Thursday, June 28, 2018
Most U.S. newspapers lost in 2004-15 were weeklies, mostly small ones, but weeklies still dominate industry
"Closures and mergers resulted in a net loss of more than 1,800 newspapers from 2004 to 2015, the overwhelming majority of them weeklies," Ohio University Journalism Professor Bill Reader writes in the Newspaper Research Journal. "But community weeklies remain the most common (70 percent of all newspapers), and community dailies and weeklies account for 62 percent of overall print circulation."
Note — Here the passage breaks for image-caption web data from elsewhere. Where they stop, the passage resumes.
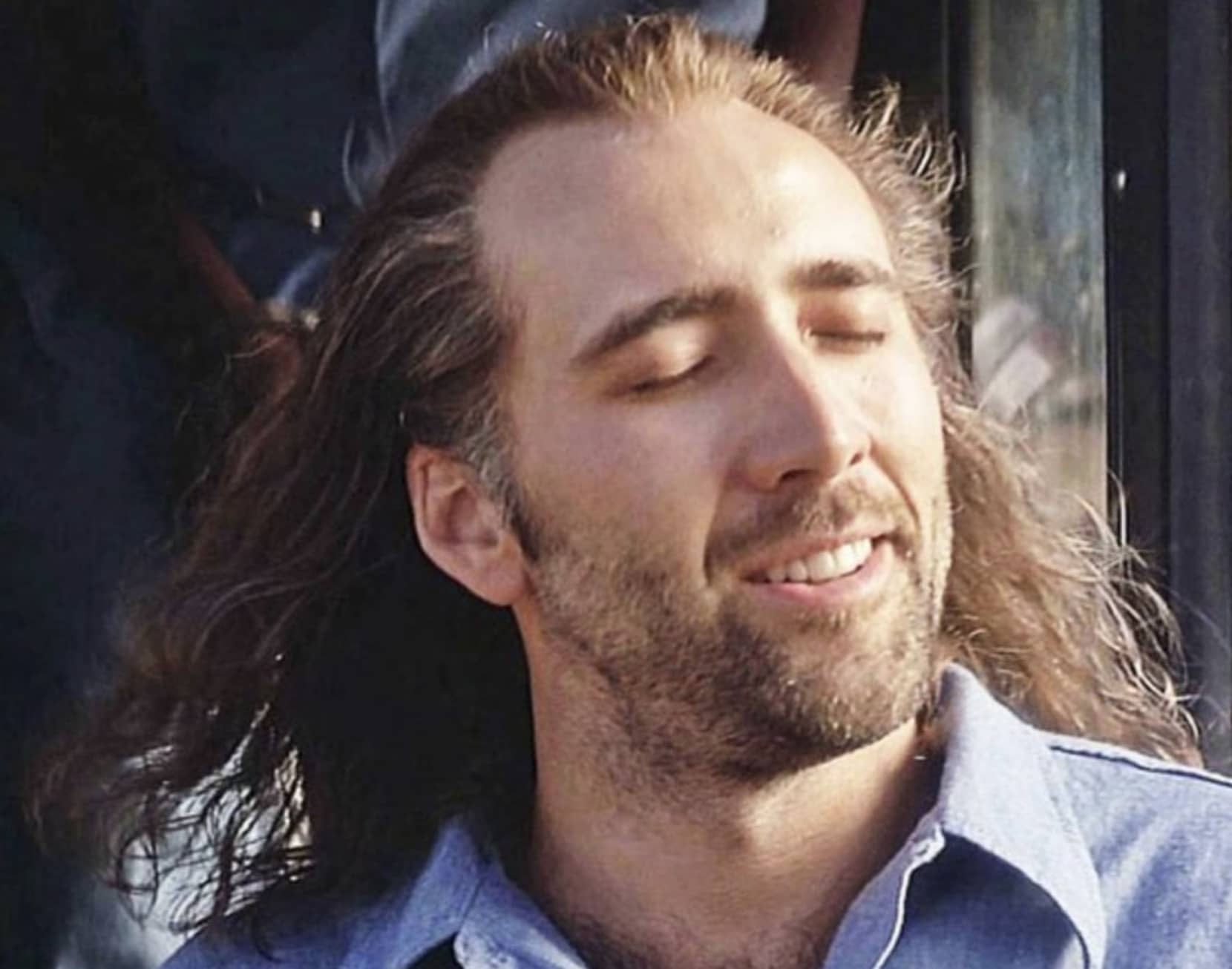 ConairMAN Even Cut Cordless Rotary Hair Clipper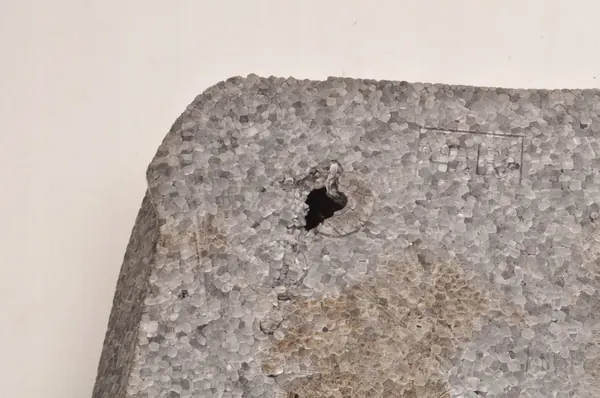 Nissan 300ZX Z32 Kit de Réparation KAJ100410 image 7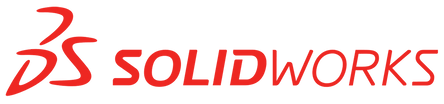 SolidWorks-Logo.png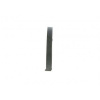 TATechnix Klinový remeň 6x905 mm Citroën C4 kupé (LA_) - 1.6VTi120, 1.6THP150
Reader uses Lauterer's study as a baseline and analyzes data published by Editor & Publisher magazine in 2004, when it was reliably comprehensive, and in 2016, when it was less so; it omits some papers, and 9.6 percent of those listed don't report circulation figures. "Although that data source has some serious limitations, it is arguably the best single source for such industry-wide information, and as such, is far less limited than other existing data sources," Reader concludes.
Reader's article shows the true landscape of American newspapers, which have usually been defined by the dominance -- and recently, the tribulations -- of metropolitan dailies, but he points out that fewer than 2 percent of newspapers are metro dailies, "which account for less than 30 percent of overall print circulation."
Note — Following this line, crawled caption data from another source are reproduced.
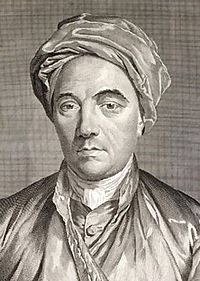 William Smellie (obstetrician), engraved by Charles Grignion.jpg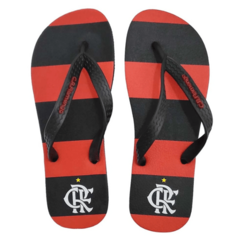 Chinelo Flamengo Manto 1-2023 Masculino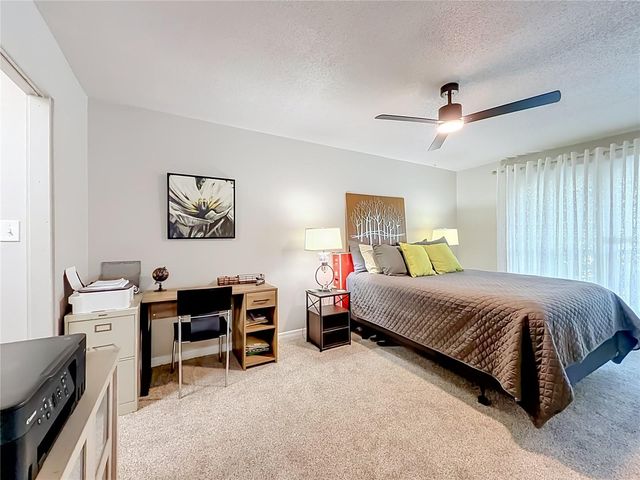 1935 CONWAY ROAD F5, Orlando, FL 32812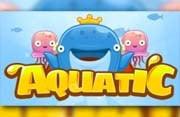 play Aquatic - Play Free Online Games | Addicting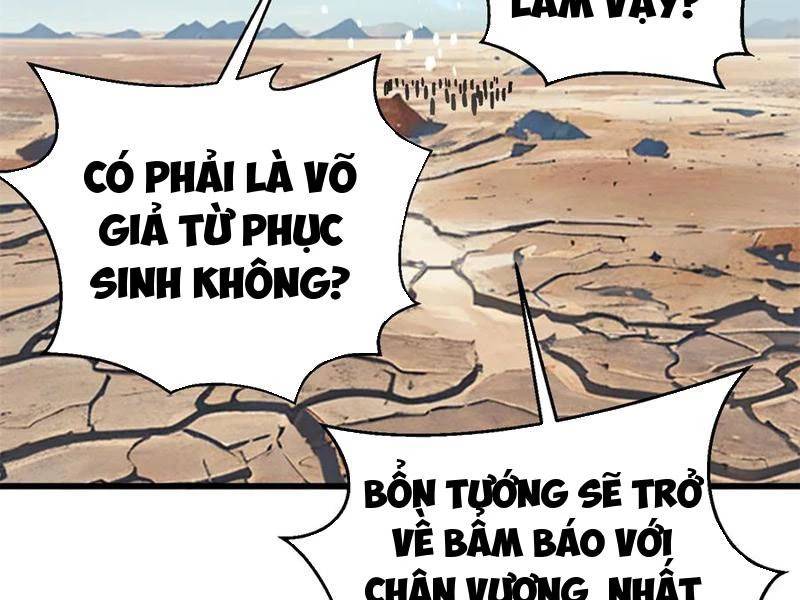 Trang 100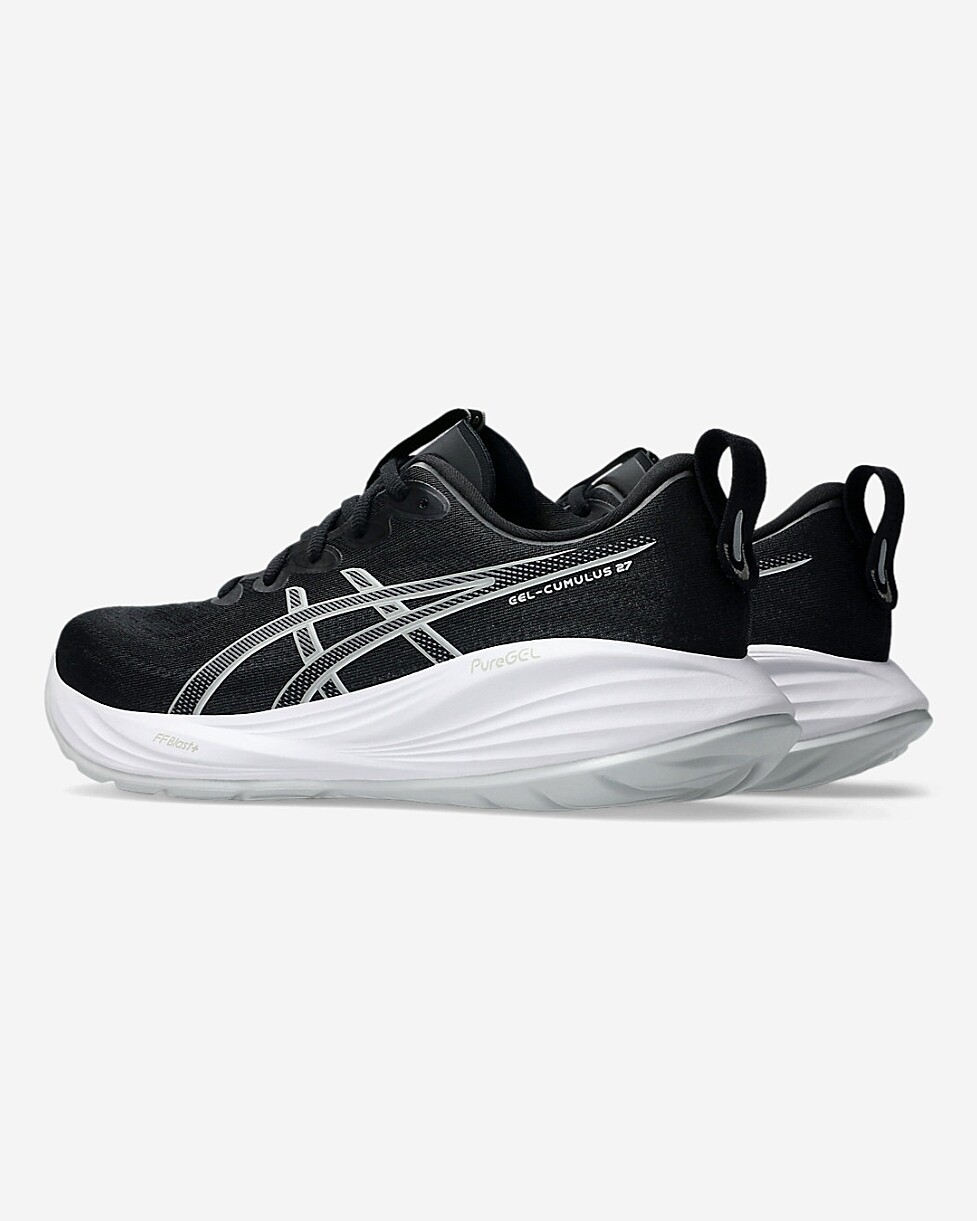 TENIS ASICS GEL CUMULUS 27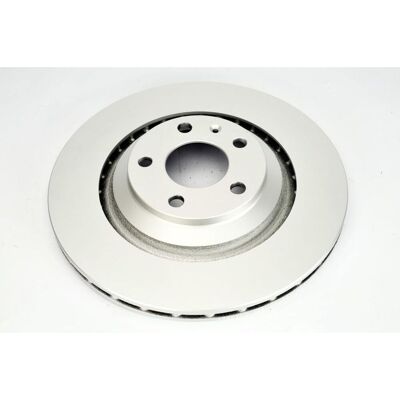 Disque de frein TEXTAR A6 C6 - Ventilé 112mm - 22mm - Avant/Arrière - Publicité Disque de frein TEXTAR A6 C6 - Ventilé 112mm - 22mm - Avant/Arrière - Publicité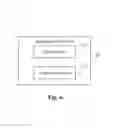 Fig. 07 - METHOD AND DEVICE FOR DISPLAYING A DESKTOP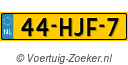44HJF7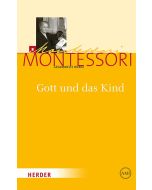 Gott und das Kind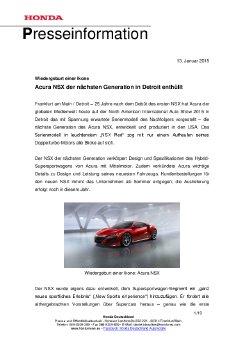 Honda_AcuraNSXinDetroitenthüllt_13-01-2015.pdf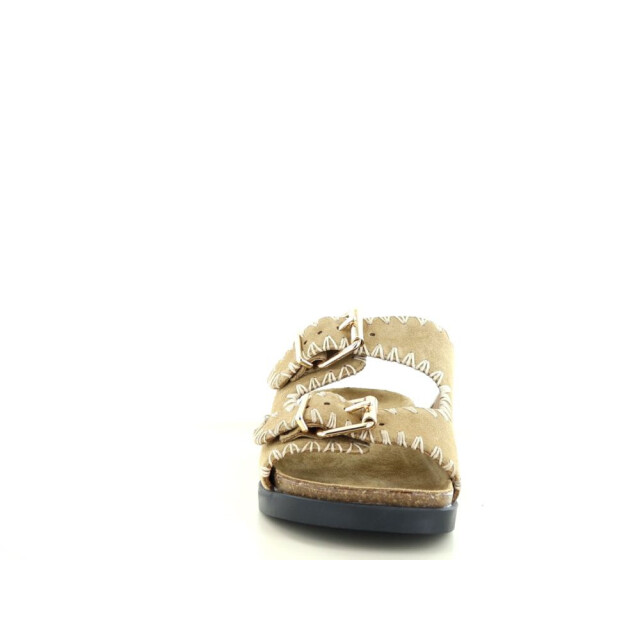 Posh Saran 281.40.320 large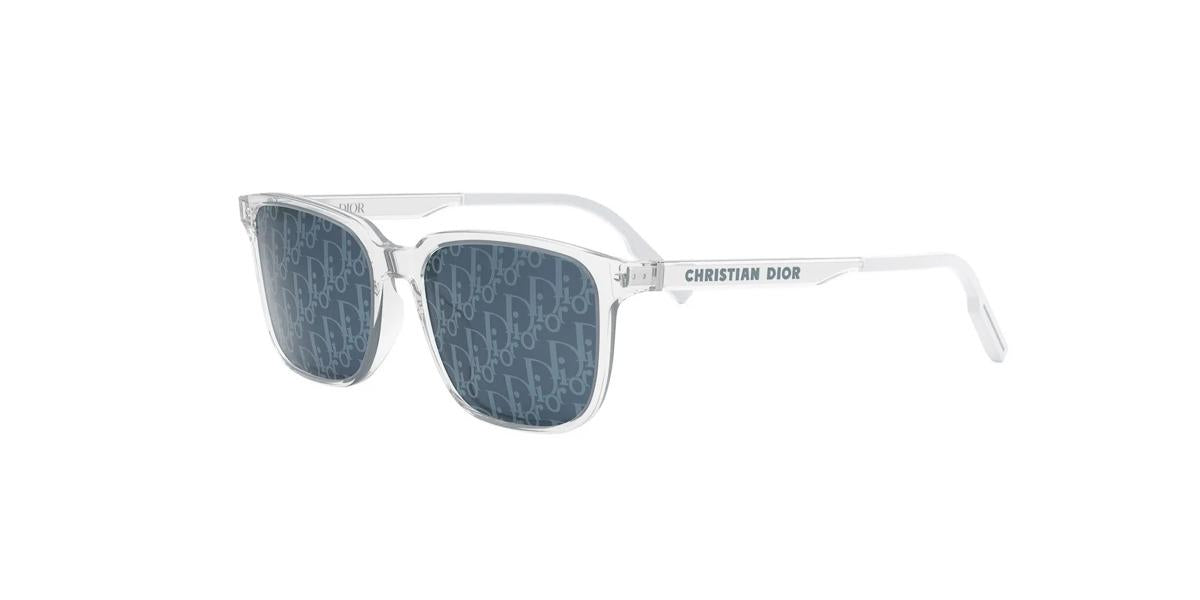 Dior DIORTAG SU DM40019U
"Bill presumes, based on the available data, that most of the lost weeklies had small circulations, and that is the trend we have noticed as we followed newspapers and their trade publications during the same period," said Al Cross, professor and director of the Institute for Rural Journalism and Community Issues, based at the University of Kentucky. Reader is an academic partner of the institute, which publishes The Rural Blog. Cross says many if not most of the lost weeklies were in Midwestern towns that are not county seats, and some were merged into county-seat papers.
One indicator of the loss of small weeklies: Reader cites a 2014 study, based on data through 2009, which found that the average circulation of rural weeklies increased from about 3,780 to about 4,700. That study used a stratified sampling of newspaper listings, rather than the comprehensive totals from 2004, which were tabulated by Jock Lauterer of the University of North Carolina.
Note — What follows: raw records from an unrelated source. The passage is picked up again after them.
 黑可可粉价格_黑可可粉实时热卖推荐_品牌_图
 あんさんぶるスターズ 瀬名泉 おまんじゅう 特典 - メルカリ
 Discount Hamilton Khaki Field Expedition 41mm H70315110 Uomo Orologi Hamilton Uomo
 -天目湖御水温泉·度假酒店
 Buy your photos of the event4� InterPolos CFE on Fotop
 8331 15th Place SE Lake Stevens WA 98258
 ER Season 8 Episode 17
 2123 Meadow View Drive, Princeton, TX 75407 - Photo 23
E&P lists 6,226 community weeklies in 2015, down by 1,639, or 21 percent, from the 7,865 that Lauterer found in his baseline study in 2004. The number of dailies went down 7.8 percent, from 1,456 to 1,342. The great majority of those dailies are small enough to be defined as community newspapers, by whatever yardstick is used. Some papers that were once dailies are now weeklies, defined as publishing three or fewer print editions per week.
"It is clear that the U.S. newspaper industry is overwhelmingly dominated by small newspapers," Reader concludes. "As such, broad studies of 'the newspaper industry' that omit weeklies and/or omit 'small' newspapers are inherently flawed and deeply misleading. . . . It also is misleading to make broad claims about “newspaper print circulation” by omitting weeklies entirely, which account for 55 percent of overall print circulation."
Finally, Reader makes a plea: "Greater efforts should be made to get small newspapers, especially small weeklies, to be more cooperative in self-reporting to the E&P Databook and similar efforts. Doing so would not only help improve industry-wide research efforts but also help raise the profile of the community press among media industry watchers. In particular, with the increasing role of the online newspaper sector, far more newspapers should report page views and unique-visitor rates to their websites."